**Work required:** For this exercise, write out only the lines of the entries below from the one with "Myrtle Beach Vintage Coaster Set" up to and including the one with "ONLY Slim Fit", exactly as they are. Pictures stay out.

**Data for review:**
________________________
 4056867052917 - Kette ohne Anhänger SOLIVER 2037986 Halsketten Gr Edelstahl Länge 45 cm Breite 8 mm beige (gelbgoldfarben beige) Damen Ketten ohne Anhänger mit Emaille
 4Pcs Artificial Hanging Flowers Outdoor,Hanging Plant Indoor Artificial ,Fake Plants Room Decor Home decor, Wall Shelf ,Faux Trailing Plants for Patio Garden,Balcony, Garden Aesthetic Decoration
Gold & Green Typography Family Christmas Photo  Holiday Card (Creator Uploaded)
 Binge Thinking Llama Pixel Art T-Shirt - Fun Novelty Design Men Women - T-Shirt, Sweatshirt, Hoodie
________________________
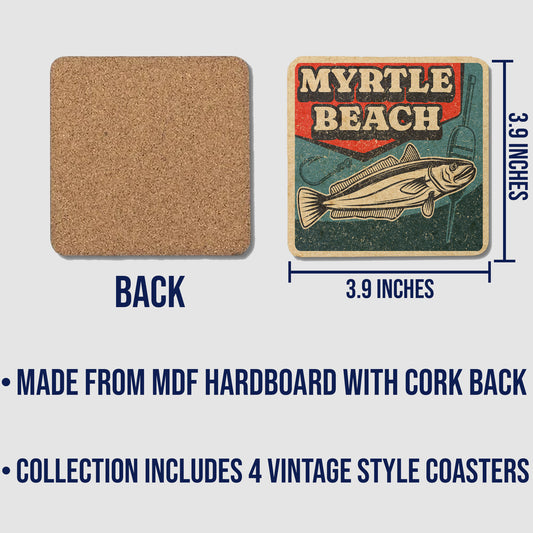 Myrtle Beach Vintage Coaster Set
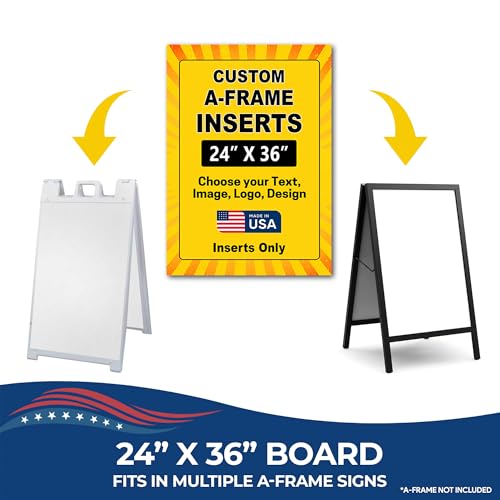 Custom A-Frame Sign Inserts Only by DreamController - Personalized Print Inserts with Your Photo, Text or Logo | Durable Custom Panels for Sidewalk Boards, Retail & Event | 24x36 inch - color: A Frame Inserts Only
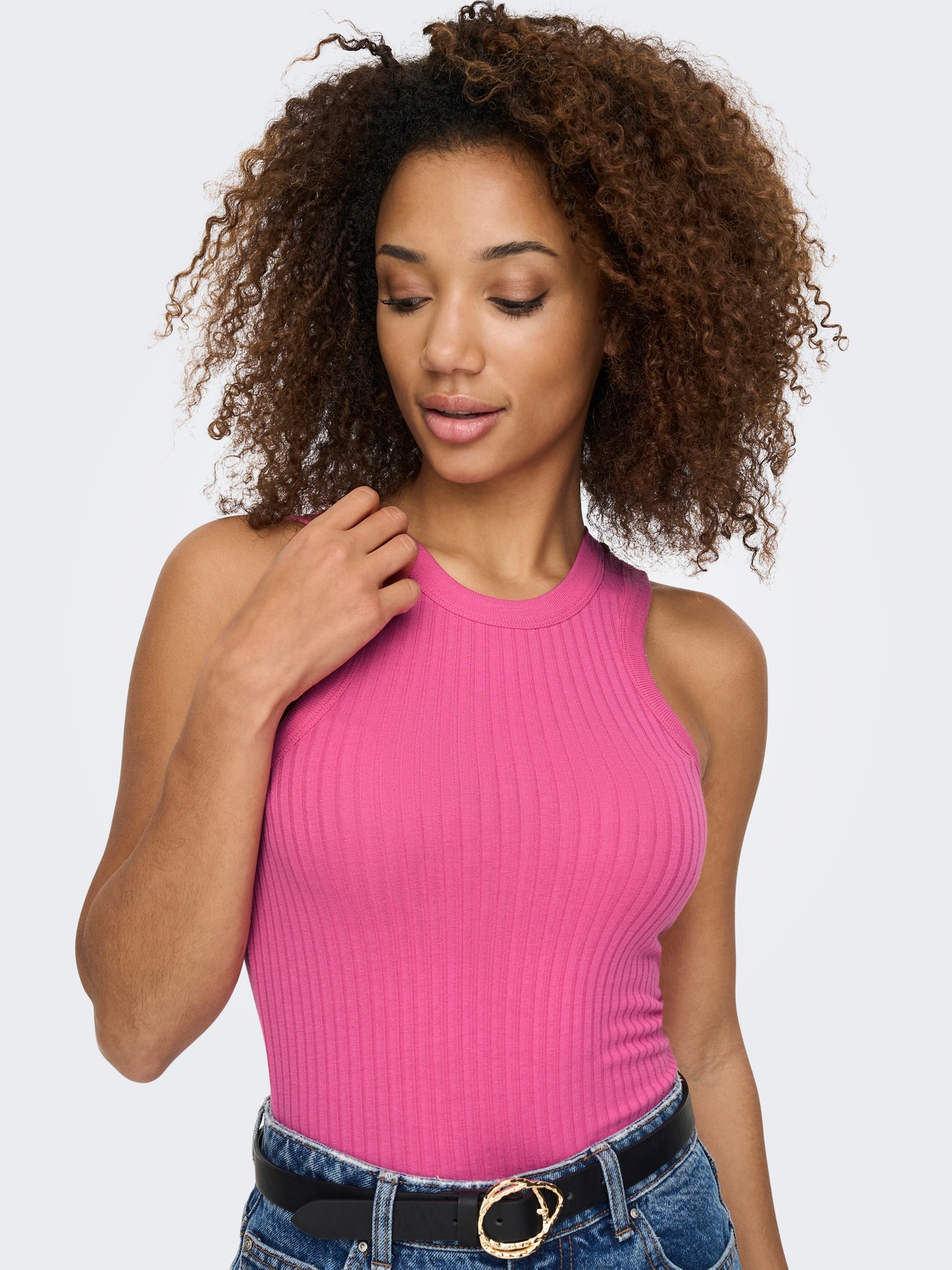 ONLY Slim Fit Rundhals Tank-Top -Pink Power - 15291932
________________________
**Written answer:**
 Myrtle Beach Vintage Coaster Set
 Custom A-Frame Sign Inserts Only by DreamController - Personalized Print Inserts with Your Photo, Text or Logo | Durable Custom Panels for Sidewalk Boards, Retail & Event | 24x36 inch - color: A Frame Inserts Only
 ONLY Slim Fit Rundhals Tank-Top -Pink Power - 15291932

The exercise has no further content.